The iorg.com Newsletter - May 2004
Is Your Web Site Damaging Your
Company’s Brand?
Is your web site running on
executive autopilot, created during
the excitement of the 1990s then left behind as executive attention
focused elsewhere in the business? If so, it is time to decide what to
do with the resources being expended to keep your web site alive.
While web sites are cheap compared to other channels and media, they
are not free. The amount of money spent to keep them running is
significant, ranging from tens of thousands of dollars annually for
small sites, to hundreds of thousands or millions of dollars for larger
sites. Would that money be better spent elsewhere in the business?
Maybe, but money is not the only consideration with a web site.
Customers have direct interaction with web sites in ways they do not
with broadcast and print media. According to research by BJ Fogg of
Stanford University, people develop the same emotional reactions to
interactive technologies that they do in their interactions with other
people. This means there is a second risk from keeping a neglected web
site, erosion of your corporate brand.
Lets face it. Brand is not logo recognition, even though that often is
the metric used to gage the value of mass media advertising campaigns.

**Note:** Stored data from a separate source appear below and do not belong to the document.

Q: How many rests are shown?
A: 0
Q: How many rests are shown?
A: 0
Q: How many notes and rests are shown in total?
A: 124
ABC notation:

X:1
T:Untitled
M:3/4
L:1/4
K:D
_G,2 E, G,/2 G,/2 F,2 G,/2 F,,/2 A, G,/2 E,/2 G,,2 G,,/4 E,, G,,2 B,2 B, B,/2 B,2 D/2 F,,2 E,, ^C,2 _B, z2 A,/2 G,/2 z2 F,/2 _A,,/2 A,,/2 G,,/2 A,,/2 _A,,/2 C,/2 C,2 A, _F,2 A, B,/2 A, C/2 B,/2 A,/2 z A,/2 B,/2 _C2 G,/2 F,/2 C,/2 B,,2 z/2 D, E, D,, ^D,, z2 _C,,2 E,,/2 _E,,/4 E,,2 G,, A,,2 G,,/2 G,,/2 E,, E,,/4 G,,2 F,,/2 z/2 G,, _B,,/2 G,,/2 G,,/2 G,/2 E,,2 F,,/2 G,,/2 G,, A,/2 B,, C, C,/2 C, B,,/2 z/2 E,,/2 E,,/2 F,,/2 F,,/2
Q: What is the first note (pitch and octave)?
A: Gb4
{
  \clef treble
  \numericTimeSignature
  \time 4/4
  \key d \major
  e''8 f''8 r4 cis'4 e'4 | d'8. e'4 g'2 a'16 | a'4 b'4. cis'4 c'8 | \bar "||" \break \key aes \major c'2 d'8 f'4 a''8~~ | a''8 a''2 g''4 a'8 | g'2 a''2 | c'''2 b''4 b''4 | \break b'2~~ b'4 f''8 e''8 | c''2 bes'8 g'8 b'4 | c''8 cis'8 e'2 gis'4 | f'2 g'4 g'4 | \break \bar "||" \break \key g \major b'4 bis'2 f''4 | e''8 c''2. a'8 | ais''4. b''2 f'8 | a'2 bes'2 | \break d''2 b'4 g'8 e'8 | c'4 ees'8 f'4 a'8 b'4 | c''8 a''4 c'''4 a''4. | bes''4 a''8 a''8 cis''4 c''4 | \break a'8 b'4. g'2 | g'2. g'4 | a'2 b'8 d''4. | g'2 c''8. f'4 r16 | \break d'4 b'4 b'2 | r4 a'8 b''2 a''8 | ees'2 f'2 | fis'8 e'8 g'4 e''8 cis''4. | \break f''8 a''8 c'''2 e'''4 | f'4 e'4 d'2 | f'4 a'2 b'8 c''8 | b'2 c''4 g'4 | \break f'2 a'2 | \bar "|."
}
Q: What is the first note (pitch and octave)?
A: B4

Brand is the overall mental perception and emotions that people develop
about your company and products. While traditional brand advertising
can generate awareness and interest, once there is a direct interaction
with the company or product, particularly a negative one, it quickly
overrides the advertising perception.
Customers perceive interaction with your web site as a direct
interaction with your company. If your web site is frustrating your
customers and making them angry it is costing more than money; it is
tarnishing your overall brand image. This is much worse than having an
employee that is angering customers, because your web site interacts
with a much larger number of people than any single employee. Which
brings us back to the title question: Given the expense and risk of a
web site running on autopilot, should you just shut it down and not
have a web site?
What would happen if you did? The executive team should ask this
question, and should give it serious thought. Who would notice or miss
your web site? Why? If the executive team decides the web site is worth
keeping, it is time to take it off executive autopilot and address the
value directly. This is done by insisting that web site objectives be
developed, prioritized and aligned with the overall business objectives
and that the results are audited and tracked.
If it is not worth this minimal level of executive investment, then you
should shut down your web site, because the cost and risk to your
company and brand are too great.
Please feel free to forward this
newsletter to a friend or colleague who might be interested.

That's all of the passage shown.